In a statement carried by the Korean Central News Agency (KCNA) on Thursday, Kim Yo-jong said the military pact reached in 2018 that promised to eliminate practical threats of war was “hardly of any value.”
She added that the North could also permanently shut the Kaesong industrial region and the liaison office in the North Korean border town if Seoul did not stop the defectors.
Thousands of anti-Pyongyang leaflets were recently flown with balloons into the North’s side of the demilitarized zone. The leaflets often carried propaganda messages that condemned Kim Jong-un over the country’s missile and nuclear programs.

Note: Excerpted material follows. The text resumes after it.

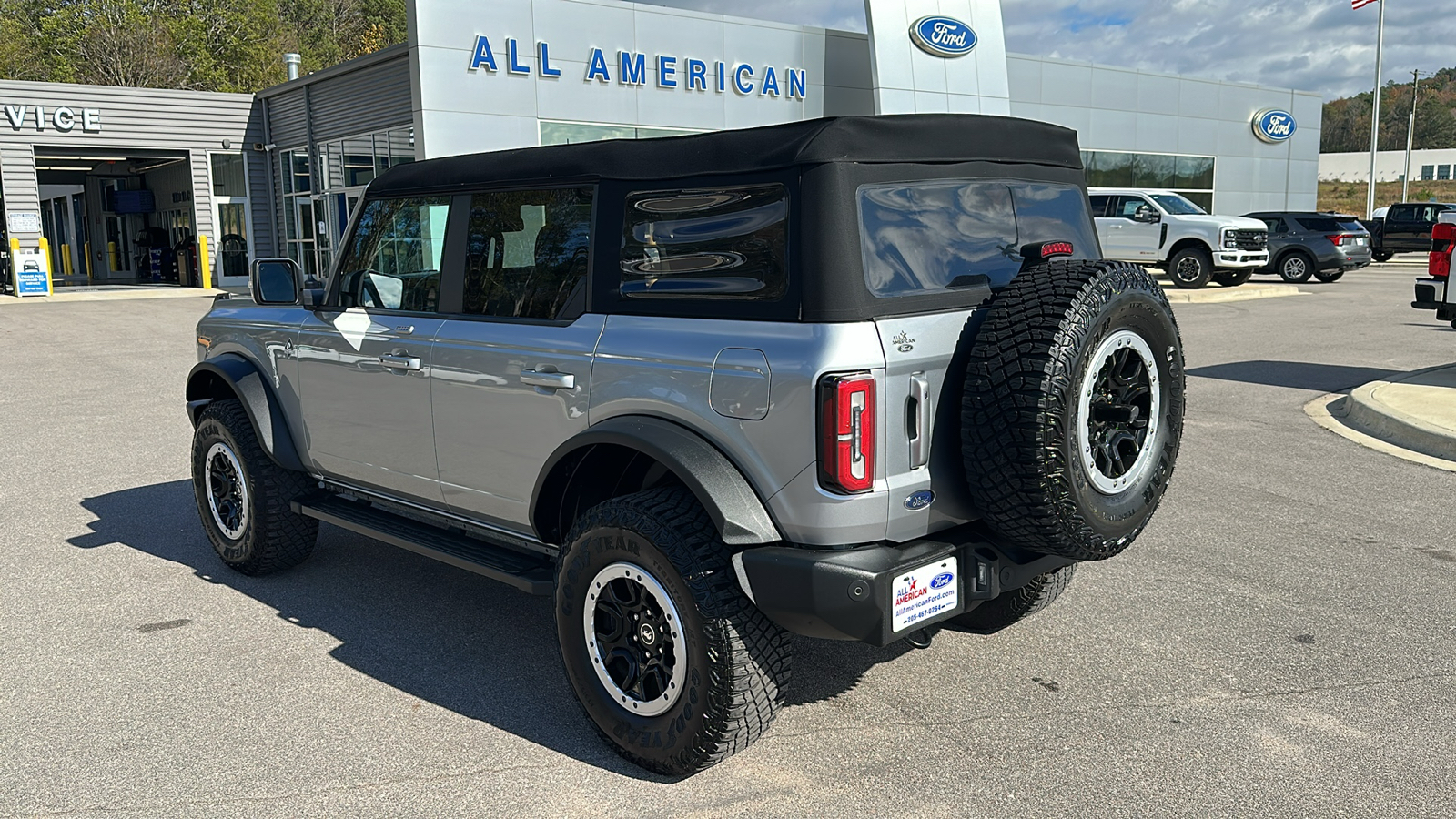 2023 Ford Bronco Outer Banks 3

“If such an act of evil intention committed before our eyes is left to take its own course under the pretext of ‘freedom of individuals’ and ‘freedom of expression,’ the South Korean authorities must face the worst phase shortly,” Kim Yo-jong said in the statement.
The KCNA report did not single out any individuals for blame in the leafleting. But Kim Yo-jong’s comments came after a former North Korean diplomat and another North Korean defector won parliamentary seats in South Korea’s general elections in April.
North and South Korea have been separated by the Demilitarized Zone since the three-year Korean War came to an end in 1953.
The zone, which is one of the world’s most heavily-fortified border areas, is planted with some two million mines and guarded by barbed wire fences, tank traps, and combat troops on both sides.
Kim Yo-jong serves unofficially as her brother’s chief of staff and formally as a vice director of the ruling Workers’ Party’s powerful Central Committee.